10 Ways to Be More Professional
There’s no reason for you to adhere to Mrs. Snooty Mannerkins’ Guide to Fork and Spoon Etiquette for Prim Lads and Lasses, but acting professionally is good sense. To ensure that you’re not dismissed as a slobby fool by peers and bosses, keep these 10 “I learned this the hard way” tips from us staffers in mind.
Cough Drop: Your best friend might not mind hearing about the latest thing you’ve hacked up from your throat, spewed forth from your mouth or had oozing from your body, but talking about your sickness is sure to make your class or cubicle neighbor sick of you.
No Service: As wonderful as it is having your friends and the Internet at your fingertips, lay off the cell phone when you’re in a meeting or class. There’s nothing as frustrating as having someone who was engrossed in their iPhone the entire lecture wasting everyone’s time by asking questions that have already been covered.
Smile and Nod: Business-function speakers and droning professors can be boring, but at least pretend to listen. If you’re obviously tuning them out, they’ll tune you out too.
First Responder: Answer phone calls, return emails and respond to Post-it note messages. It sounds obvious, but when you get “busy” it can be easy to blow people off, which will only leave a bad impression.
Business too Casual: If you’d wear your outfit to a frat party or spring break, you need to change before showing up to work.
Lay it on thin: People aren’t toast, so don’t butter them up. You’re only insulting yourself and the person you’re buttering up by being the yes-man. Plus all your classmates and coworkers will hate you.
Scratch and Sniff: Your odor should be like Goldilocks’ porridge — just right. You don’t want to be putrid, but don’t go too far to the perfumy side either. In other words, put on some deodorant so your pits don’t stank, but lay off the cloud of Axe.

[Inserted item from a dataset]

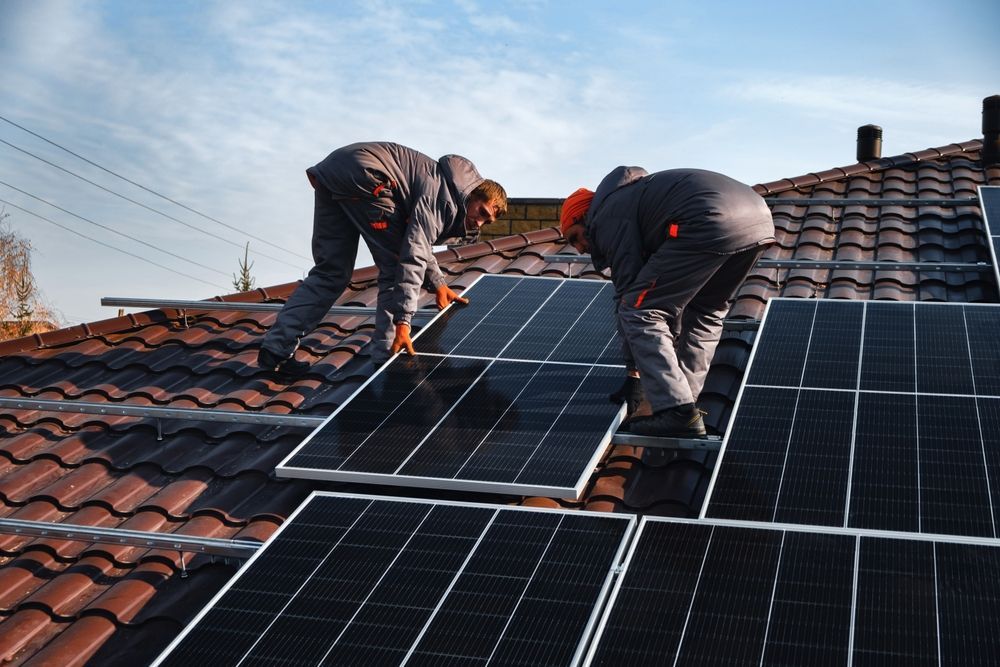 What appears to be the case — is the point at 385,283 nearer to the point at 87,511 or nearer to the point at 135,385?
the point at 135,385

Nuked Leftovers: Think twice before reheating fish in the work microwave. It’s surprising how bad it can make an office smell. Same goes for other pungent dishes.
Golden Rule: Treat people with respect, consider others before taking action, and care enough to take pride in your work so your coworkers and classmates don’t have to pick up your slack.
Pat on the Back: When working as part of a group or team, give credit where it’s due. Acknowledge others’ contributions, but don’t be afraid to point out what you bring to the table.